• TASK PROMPT: Write out only the opening lines of the entries, through the line with "Shopping trolleys standing".

• DATA TO USE:
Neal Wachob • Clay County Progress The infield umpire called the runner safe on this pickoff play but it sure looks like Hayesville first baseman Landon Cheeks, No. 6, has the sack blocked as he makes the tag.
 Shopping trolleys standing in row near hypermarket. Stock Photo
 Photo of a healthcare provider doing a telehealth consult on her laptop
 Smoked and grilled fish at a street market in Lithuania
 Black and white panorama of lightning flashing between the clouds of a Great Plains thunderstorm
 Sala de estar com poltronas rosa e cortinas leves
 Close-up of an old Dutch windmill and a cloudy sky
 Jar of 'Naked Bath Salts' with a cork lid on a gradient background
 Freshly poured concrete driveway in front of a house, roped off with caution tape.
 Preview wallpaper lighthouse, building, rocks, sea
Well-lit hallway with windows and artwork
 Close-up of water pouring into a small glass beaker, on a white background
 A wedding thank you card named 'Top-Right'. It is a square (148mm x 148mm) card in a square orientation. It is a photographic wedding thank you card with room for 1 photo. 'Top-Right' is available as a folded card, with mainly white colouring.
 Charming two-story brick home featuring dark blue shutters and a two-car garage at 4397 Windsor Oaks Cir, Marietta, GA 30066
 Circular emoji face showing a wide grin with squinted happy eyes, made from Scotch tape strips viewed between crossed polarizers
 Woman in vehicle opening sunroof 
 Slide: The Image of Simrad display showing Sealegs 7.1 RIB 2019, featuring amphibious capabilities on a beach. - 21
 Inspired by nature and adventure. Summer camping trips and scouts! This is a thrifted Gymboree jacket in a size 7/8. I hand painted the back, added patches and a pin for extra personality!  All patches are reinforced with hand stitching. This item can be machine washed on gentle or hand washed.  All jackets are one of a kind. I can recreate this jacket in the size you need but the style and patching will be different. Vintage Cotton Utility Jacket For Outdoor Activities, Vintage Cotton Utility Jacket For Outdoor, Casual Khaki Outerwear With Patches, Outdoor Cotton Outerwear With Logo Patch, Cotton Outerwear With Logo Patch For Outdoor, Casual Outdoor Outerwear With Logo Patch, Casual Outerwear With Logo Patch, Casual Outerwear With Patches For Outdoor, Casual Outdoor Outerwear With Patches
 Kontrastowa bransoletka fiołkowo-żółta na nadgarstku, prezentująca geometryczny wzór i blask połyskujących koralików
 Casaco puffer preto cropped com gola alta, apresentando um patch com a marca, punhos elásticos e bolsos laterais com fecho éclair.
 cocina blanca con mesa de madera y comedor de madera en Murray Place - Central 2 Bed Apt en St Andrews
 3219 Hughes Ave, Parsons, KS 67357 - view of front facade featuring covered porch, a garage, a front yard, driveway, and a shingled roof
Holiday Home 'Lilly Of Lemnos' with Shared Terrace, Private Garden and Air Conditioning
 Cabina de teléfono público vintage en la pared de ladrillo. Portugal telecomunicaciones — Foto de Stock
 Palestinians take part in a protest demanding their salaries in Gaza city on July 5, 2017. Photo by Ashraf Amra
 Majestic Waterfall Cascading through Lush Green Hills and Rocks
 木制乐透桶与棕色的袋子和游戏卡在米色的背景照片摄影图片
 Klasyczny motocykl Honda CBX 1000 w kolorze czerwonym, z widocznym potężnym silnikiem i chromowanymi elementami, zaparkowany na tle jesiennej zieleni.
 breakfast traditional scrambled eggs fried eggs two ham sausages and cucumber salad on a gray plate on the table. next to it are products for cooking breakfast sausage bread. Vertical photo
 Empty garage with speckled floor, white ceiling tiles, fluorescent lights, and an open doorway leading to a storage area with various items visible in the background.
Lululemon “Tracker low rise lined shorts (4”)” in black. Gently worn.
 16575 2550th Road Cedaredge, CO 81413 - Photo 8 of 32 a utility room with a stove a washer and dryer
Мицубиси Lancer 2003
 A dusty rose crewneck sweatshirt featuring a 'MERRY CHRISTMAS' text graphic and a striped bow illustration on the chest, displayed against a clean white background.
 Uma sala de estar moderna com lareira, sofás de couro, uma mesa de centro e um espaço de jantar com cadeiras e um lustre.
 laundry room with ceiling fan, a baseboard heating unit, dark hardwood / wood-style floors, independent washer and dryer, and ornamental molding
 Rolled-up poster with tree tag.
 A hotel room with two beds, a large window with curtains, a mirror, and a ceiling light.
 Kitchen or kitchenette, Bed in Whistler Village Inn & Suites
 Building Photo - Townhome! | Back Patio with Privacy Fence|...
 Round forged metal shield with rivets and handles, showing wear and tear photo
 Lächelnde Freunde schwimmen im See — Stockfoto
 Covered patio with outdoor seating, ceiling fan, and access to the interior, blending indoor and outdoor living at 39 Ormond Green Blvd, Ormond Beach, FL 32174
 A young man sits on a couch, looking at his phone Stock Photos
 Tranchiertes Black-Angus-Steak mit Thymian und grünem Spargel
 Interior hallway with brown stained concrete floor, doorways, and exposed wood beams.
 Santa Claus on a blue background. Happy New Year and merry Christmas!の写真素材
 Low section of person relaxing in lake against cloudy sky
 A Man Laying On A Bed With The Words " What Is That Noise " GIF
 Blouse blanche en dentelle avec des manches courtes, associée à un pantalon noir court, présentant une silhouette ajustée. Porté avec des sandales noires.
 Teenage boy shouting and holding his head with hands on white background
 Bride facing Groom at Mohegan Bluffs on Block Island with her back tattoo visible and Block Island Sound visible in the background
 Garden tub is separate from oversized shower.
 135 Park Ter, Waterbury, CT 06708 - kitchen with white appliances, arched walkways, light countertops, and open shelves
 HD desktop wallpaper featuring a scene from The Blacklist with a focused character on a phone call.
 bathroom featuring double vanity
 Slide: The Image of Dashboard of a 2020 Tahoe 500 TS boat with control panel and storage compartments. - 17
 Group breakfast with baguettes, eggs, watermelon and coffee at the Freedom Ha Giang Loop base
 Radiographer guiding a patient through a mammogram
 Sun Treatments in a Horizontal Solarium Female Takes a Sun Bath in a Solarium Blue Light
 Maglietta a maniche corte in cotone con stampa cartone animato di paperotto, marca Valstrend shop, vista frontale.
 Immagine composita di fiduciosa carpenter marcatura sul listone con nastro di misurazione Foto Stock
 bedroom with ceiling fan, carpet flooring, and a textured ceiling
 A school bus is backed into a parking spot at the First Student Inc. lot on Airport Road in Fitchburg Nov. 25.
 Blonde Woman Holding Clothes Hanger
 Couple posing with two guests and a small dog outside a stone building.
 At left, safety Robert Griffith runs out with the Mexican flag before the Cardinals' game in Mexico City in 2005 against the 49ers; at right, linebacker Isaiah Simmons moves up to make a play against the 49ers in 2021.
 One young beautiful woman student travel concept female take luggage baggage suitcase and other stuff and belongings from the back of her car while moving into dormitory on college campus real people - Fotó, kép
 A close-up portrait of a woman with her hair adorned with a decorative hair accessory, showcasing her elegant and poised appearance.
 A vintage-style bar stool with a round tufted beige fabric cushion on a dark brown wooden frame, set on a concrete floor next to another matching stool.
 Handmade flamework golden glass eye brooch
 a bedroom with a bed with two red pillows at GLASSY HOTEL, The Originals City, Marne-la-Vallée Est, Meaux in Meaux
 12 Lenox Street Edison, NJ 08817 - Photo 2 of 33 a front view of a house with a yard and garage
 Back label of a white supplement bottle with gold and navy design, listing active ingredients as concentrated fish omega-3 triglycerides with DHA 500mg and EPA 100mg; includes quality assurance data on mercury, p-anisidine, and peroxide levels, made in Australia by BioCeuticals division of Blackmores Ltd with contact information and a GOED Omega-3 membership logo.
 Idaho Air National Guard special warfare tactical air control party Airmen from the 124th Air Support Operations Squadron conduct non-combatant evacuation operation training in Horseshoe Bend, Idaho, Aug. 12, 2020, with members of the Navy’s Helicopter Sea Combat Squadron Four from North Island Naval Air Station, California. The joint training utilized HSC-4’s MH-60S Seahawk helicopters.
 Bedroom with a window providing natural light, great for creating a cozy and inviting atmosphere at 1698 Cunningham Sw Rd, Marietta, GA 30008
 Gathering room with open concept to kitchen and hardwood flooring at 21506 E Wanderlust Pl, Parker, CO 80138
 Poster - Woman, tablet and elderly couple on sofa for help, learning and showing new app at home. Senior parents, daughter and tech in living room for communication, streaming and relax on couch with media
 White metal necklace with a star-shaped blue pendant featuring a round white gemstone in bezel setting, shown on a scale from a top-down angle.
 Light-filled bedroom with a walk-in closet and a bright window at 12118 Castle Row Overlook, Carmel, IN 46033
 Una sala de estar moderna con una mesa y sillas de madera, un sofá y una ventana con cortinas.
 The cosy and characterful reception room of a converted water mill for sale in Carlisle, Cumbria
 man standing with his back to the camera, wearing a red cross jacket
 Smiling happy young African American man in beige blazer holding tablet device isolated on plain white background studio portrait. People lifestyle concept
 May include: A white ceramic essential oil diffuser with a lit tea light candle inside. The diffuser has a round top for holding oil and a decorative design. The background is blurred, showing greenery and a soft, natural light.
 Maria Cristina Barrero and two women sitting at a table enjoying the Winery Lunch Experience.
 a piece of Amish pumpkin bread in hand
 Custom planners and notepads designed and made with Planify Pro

• RESULT OF THIS TASK:
Neal Wachob • Clay County Progress The infield umpire called the runner safe on this pickoff play but it sure looks like Hayesville first baseman Landon Cheeks, No. 6, has the sack blocked as he makes the tag.
 Shopping trolleys standing in row near hypermarket. Stock Photo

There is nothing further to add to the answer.